A educação de crianças migrantes envolve desafios que vão desde a adaptação a novas escolas, até o contato com currículos e ambientes sociais completamente diferentes. Segundo a pedagoga Monica Neumann Soares, a maior dificuldade está no processo de inclusão. “Entrar em um novo ambiente sem possuir nenhum vínculo afeta a aprendizagem”, explica. Ela destaca que, ao migrar para outro estado, muitas vezes é necessário um alinhamento de conteúdos para que o aluno acompanhe a turma. Para Monica, essa adaptação só é possível quando ocorre de forma acolhedora, tanto do corpo docente quanto dos estudantes, o que vai ajudar a garantir que a criança se sinta parte do novo contexto escolar.
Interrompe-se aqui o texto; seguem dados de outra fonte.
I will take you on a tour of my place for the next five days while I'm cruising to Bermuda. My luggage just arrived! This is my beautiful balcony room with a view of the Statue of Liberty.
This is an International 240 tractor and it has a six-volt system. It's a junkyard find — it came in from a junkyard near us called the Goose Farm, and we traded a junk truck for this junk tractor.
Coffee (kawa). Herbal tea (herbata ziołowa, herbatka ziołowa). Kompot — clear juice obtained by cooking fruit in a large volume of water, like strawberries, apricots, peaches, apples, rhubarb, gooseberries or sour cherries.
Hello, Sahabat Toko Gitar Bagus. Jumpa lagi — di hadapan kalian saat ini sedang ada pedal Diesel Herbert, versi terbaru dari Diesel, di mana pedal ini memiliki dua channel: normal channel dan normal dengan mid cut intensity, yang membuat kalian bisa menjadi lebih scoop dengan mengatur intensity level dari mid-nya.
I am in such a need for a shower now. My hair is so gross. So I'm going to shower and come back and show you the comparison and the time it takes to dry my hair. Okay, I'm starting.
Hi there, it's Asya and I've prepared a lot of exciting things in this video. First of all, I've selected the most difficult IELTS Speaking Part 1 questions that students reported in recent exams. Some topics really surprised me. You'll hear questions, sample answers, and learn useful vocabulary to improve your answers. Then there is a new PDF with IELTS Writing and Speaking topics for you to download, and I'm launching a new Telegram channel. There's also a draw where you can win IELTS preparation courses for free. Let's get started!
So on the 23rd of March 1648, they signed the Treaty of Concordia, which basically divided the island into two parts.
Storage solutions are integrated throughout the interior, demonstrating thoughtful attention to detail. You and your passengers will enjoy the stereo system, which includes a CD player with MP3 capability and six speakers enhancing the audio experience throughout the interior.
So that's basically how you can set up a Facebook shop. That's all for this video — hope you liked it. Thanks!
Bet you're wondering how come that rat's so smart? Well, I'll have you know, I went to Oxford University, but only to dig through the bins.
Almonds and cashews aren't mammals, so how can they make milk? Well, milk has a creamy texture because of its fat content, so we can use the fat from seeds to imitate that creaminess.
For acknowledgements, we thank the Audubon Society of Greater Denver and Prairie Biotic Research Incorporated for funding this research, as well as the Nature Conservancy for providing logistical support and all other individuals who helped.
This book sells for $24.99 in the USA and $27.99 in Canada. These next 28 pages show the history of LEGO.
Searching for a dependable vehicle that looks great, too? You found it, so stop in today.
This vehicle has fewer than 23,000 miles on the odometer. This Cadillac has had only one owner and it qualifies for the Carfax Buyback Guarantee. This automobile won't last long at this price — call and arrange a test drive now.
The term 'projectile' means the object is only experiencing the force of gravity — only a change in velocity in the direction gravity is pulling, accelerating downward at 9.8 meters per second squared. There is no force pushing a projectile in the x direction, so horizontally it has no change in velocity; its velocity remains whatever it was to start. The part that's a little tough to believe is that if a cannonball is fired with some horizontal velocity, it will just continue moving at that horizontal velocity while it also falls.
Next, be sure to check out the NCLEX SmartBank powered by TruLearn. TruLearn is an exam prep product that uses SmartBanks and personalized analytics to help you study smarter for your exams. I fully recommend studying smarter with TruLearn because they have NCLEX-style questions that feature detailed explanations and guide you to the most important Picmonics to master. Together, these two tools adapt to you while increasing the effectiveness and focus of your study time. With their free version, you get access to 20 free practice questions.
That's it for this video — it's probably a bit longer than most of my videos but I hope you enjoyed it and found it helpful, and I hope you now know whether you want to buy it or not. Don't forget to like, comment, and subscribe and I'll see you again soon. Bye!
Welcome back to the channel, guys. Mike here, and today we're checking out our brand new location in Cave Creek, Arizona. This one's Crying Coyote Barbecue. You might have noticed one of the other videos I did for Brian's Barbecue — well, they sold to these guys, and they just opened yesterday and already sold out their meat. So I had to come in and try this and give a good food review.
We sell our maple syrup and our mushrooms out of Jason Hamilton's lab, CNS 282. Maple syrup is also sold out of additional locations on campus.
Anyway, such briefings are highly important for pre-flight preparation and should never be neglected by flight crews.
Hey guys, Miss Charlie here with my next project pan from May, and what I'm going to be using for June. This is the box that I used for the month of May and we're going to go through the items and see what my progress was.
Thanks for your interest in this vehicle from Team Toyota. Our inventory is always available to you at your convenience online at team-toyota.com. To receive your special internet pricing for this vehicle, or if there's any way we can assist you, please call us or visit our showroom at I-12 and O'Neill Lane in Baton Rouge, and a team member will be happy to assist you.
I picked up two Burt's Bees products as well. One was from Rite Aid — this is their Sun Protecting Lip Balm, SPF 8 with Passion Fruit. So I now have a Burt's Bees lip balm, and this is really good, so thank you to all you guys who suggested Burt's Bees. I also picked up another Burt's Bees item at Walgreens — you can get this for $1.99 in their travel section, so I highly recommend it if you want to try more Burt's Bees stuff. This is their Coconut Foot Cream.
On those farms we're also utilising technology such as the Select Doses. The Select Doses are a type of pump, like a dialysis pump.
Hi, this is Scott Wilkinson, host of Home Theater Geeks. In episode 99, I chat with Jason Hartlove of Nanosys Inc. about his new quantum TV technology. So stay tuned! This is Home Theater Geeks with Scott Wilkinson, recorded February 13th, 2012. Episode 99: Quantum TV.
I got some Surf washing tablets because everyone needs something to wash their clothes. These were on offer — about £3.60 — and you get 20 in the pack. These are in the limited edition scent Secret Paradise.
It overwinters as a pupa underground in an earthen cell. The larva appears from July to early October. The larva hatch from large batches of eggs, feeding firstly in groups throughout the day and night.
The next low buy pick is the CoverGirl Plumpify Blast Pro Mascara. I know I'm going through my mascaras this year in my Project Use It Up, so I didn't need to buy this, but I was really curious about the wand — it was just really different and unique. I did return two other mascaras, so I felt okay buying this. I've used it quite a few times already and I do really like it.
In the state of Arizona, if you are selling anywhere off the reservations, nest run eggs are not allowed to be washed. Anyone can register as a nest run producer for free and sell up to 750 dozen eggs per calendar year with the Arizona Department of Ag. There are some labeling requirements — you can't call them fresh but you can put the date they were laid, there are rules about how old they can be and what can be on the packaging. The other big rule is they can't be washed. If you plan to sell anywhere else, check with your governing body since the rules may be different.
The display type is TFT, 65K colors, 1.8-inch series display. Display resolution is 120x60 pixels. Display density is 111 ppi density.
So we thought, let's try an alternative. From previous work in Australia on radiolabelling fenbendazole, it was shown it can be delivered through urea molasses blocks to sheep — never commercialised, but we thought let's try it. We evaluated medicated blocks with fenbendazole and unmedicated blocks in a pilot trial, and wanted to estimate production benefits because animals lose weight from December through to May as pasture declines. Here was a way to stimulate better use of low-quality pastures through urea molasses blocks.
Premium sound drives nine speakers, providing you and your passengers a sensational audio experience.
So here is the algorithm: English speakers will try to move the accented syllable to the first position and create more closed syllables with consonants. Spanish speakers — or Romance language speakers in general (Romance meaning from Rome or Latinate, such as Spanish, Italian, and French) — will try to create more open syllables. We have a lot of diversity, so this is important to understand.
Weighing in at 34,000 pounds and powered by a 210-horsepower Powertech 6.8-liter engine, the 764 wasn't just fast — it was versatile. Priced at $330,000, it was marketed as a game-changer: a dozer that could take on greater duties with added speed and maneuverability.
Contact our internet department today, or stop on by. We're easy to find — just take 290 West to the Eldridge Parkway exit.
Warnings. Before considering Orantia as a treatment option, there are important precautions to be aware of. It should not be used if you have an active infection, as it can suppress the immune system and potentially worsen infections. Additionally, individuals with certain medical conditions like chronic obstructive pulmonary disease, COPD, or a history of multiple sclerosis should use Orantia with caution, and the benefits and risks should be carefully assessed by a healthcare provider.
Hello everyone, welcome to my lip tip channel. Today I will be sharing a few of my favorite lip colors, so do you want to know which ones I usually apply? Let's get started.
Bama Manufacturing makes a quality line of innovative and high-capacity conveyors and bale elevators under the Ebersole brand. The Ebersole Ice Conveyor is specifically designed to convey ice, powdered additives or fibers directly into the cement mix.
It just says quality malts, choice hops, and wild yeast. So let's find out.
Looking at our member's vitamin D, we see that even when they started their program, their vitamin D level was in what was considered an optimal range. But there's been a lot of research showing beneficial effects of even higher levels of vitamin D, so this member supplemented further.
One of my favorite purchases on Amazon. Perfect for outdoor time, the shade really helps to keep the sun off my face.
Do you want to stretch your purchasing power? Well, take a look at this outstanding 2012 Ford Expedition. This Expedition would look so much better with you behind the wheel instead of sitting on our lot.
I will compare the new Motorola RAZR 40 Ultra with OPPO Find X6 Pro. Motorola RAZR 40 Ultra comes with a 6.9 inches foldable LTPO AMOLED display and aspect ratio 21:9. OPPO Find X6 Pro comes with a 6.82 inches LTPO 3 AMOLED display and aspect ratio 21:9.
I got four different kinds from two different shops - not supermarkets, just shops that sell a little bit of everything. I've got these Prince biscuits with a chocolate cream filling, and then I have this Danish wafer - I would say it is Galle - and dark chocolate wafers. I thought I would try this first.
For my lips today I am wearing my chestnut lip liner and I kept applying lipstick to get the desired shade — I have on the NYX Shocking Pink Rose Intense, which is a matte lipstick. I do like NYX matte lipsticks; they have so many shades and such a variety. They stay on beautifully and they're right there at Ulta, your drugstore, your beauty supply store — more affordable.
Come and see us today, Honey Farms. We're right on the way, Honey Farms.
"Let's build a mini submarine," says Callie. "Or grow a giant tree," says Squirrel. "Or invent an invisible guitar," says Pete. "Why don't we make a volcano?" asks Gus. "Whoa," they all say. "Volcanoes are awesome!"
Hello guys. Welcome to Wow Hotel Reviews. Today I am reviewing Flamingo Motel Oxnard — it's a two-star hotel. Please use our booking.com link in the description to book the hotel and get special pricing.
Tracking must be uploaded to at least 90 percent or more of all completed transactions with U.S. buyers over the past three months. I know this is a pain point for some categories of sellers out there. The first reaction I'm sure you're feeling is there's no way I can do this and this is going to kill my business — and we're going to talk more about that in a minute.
Juliana e seu filho Bernardo / Imagem: Andrei Imthurm

Juliana Francisca, que se mudou para Blumenau, conta que o filho precisou de um tempo maior antes de começar a se adaptar. “Ele demorou bastante para se acostumar com a mudança do clima, vivia doente. Os primeiros meses, praticamente todo mês ele tinha alguma coisa”, conta.

Para o filho de Juliana, Bernardo, a mudança para uma nova cidade foi marcada por sentimentos mistos. “Eu me lembro do dia em que nos mudamos para cá. Foi bem difícil e triste, porque eu estava muito acostumado a morar lá e fiquei com saudade da minha família. Fazer novos amigos na escola e no bairro também foi complicado, mas, a cada dia que passava, eu conseguia me enturmar e me entender melhor com eles”, diz.